Noon Report -- Kauai - Neah Bay, Day 13

Whales! Lots of them! Too close for comfort!

At dusk we suddenly found ourselves in the midst of a large pod of whales. For at least a quarter of an hour they surfaced and dived as near 100' from Norwegian Steam, often in pairs and in once instance five together. Never in Mexico did I see so many whales anywhere near as close to the boat. Jean, Jon and I stood on deck in awe and wonder. In my case, at least, there was a good admixture of dread. What if one of these leviathans damaged the boat? No repair facilities nearby. Every whale was larger than NS. You could hear them breathing, smell them. Unforgettable!

The next morning we saw two more. This time they were a comfortable quarter of a mile away. These were definitely the same breed. I think they were humpbacks but Jean is not so sure.

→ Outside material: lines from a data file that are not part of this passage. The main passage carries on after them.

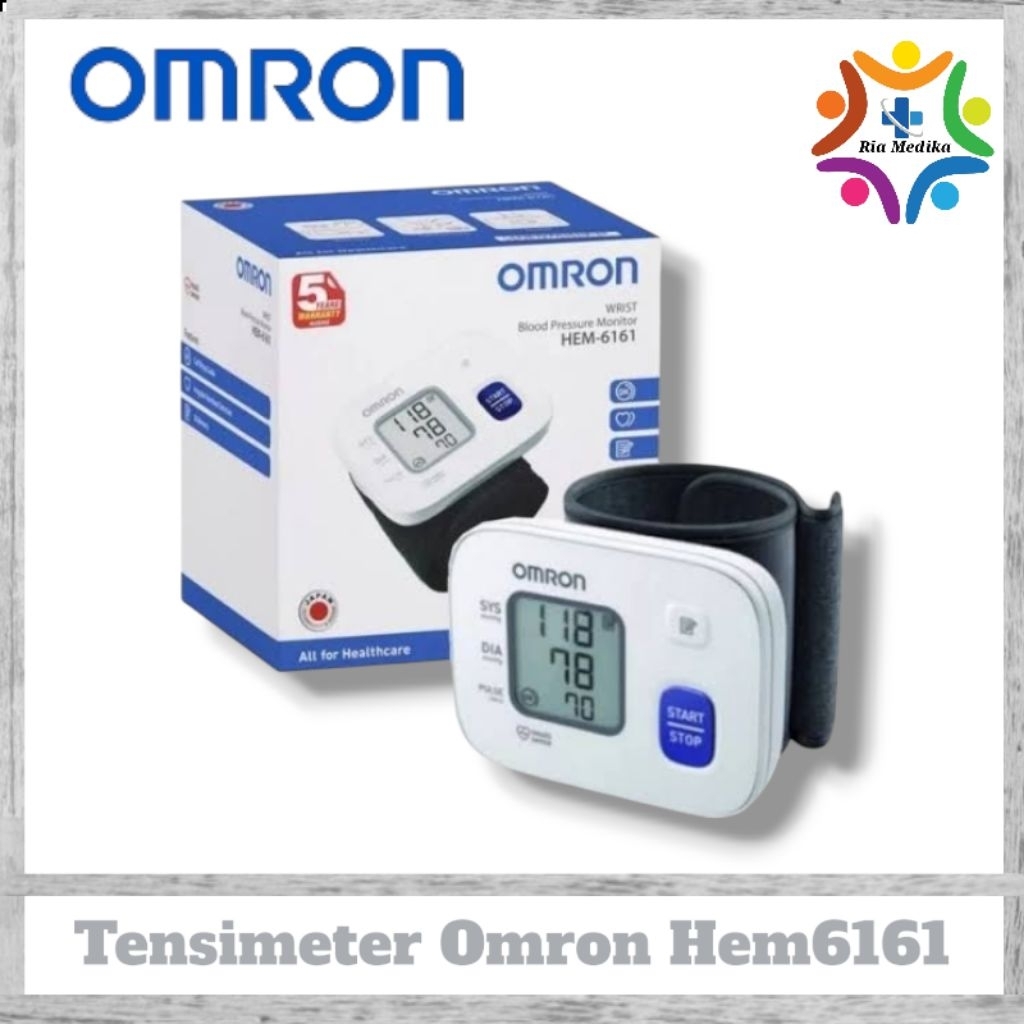 Tensimeter Digital Omron Hem 6161  Tensi Pergelangan Tangan Omron 6161
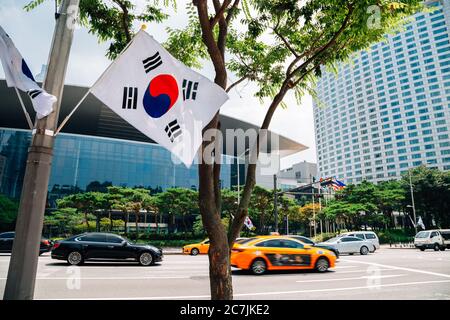 Seoul, Corea - 17 Luglio 2020 : Centro Congressi ed Esposizioni COEX nel quartiere di Gangnam Foto Stock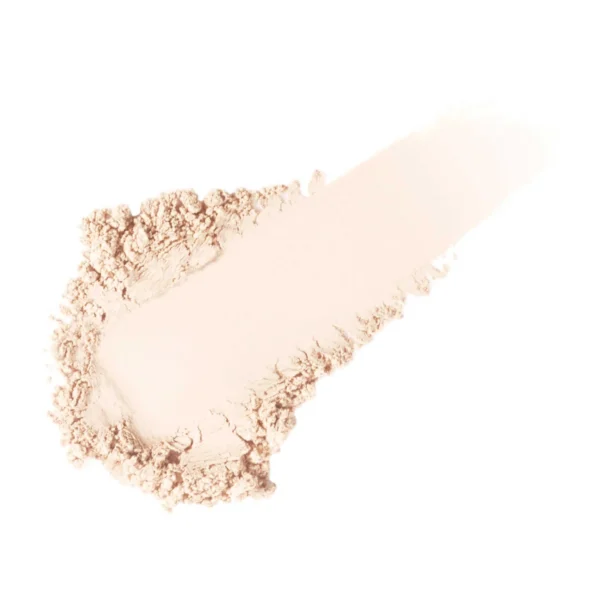 Farbmuster des Jane Iredale Powder-Me SPF 30 im Farbton Translucent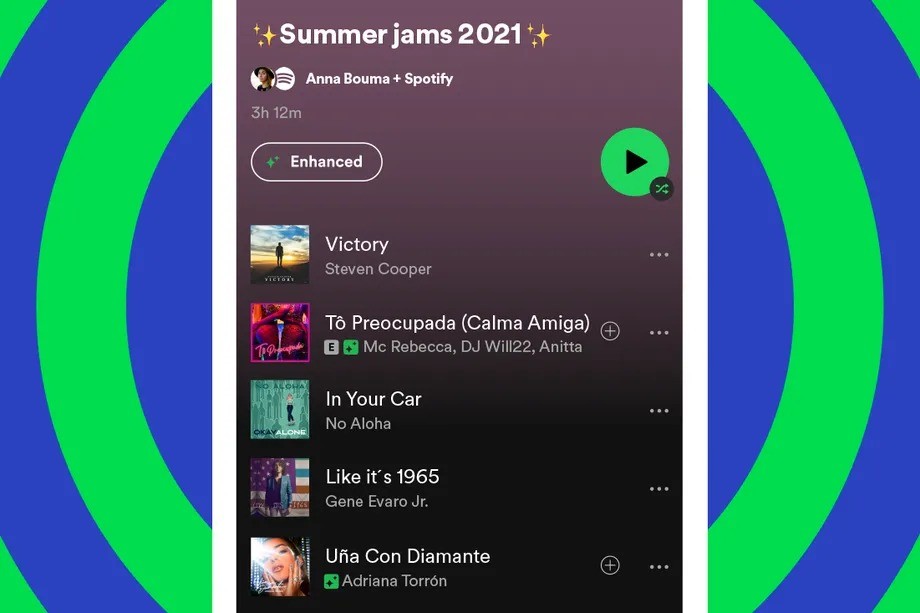 Spotify lança recurso que adiciona músicas recomendadas em playlists 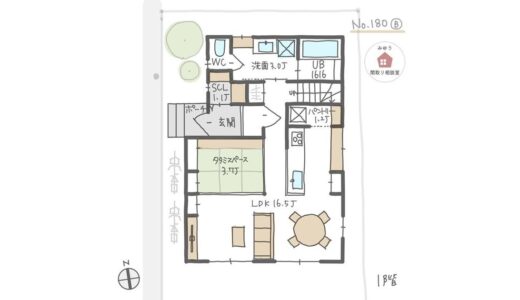 家族それぞれに個室がある夫婦別室間取り【30坪4LDK2階建】No.180B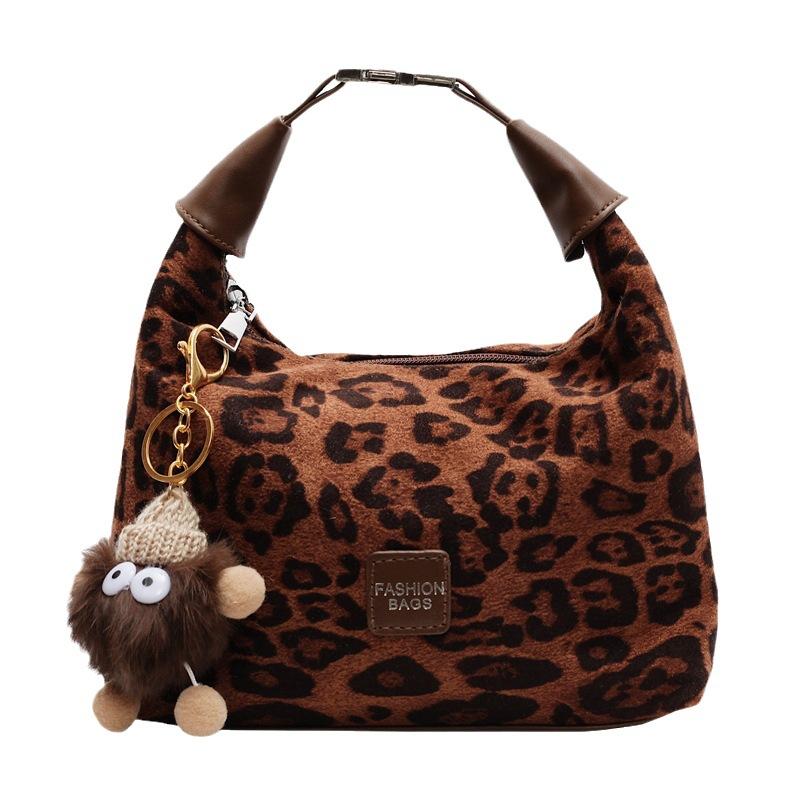 Super Fire Niche Popular Leopard Print Bag Women's 2025 Autumn and Winter New Versatile Dumpling Bag High-end Trend Messenger Bag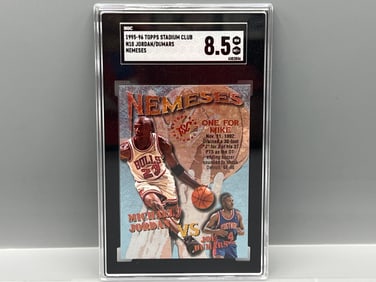 1995-96 Topps Stadium Club Michael Jordan/Joe Dumars Nemeses #N10 SGC NM-MT+ 8.5
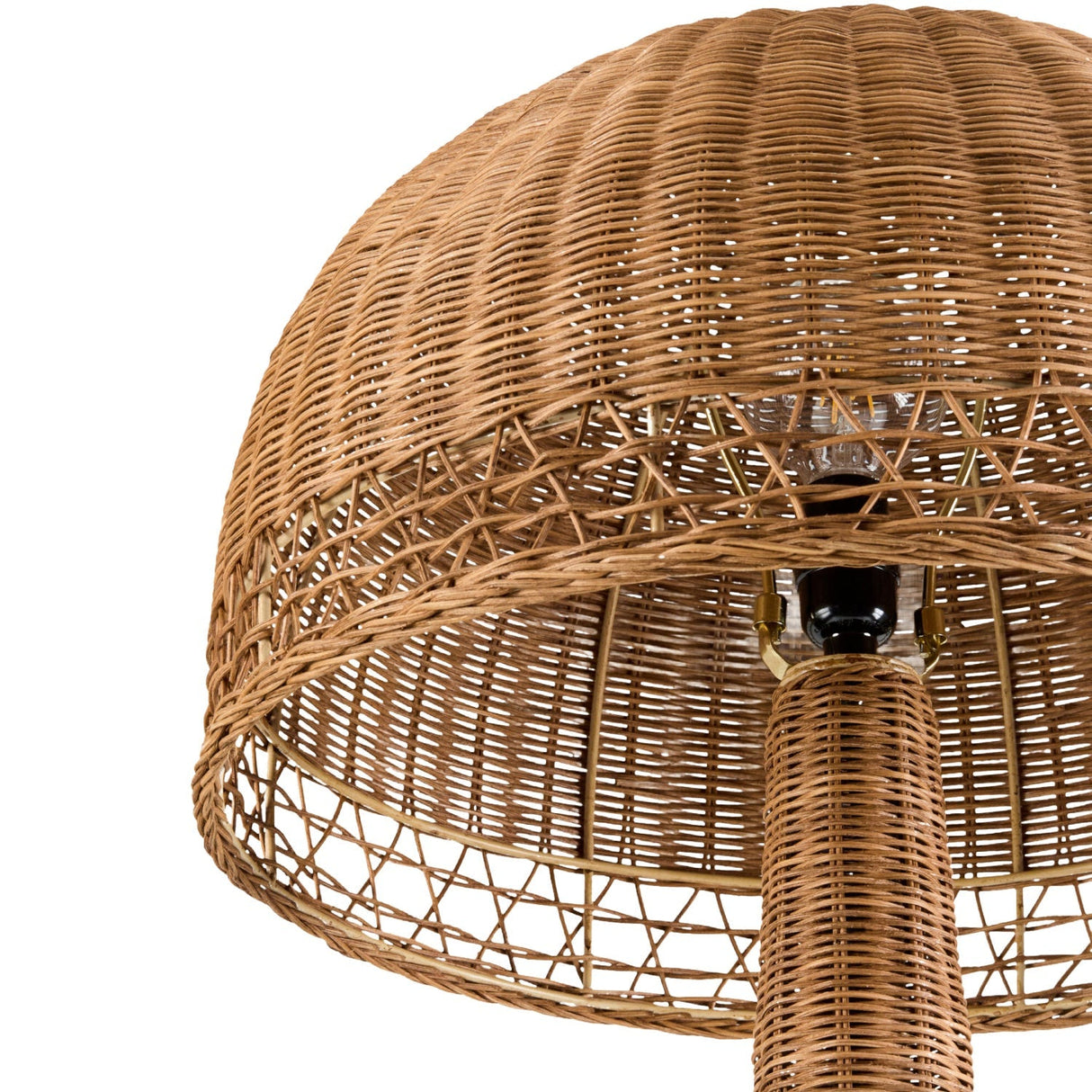 Modern European furniture - Rattan Dome Accent Floor Lamp - www.oroa.com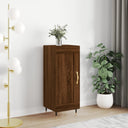 vidaXL Dressoir 34,5x34x90 cm bewerkt hout wit
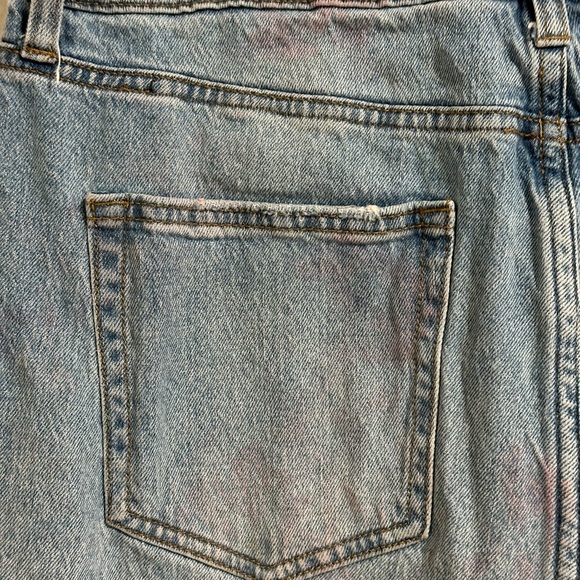 Oliver Logan Aberdeen Wide Leg Crop Jeans Size 32 High Rise Raw Hem Denim preown - Picture 10 of 10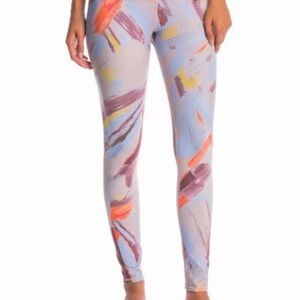 ALO Yoga Airbrush Leggings purple multicolor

We noticed this morning that the sea water is quite a bit colder. We are going to need to dig out warmer clothing.

We ran all night wing-on-wing on the starboard jibe, full main with light yankee poled out. During the night, as expected, the wind continued to veer to the west and then to north of west. In the morning we deployed the port spinnaker pole and jibed around onto port.

At UTC 2200, July 25, 2012, we are at 43 36.993 N, 154 44.489 W. Our Day's run was 98 miles.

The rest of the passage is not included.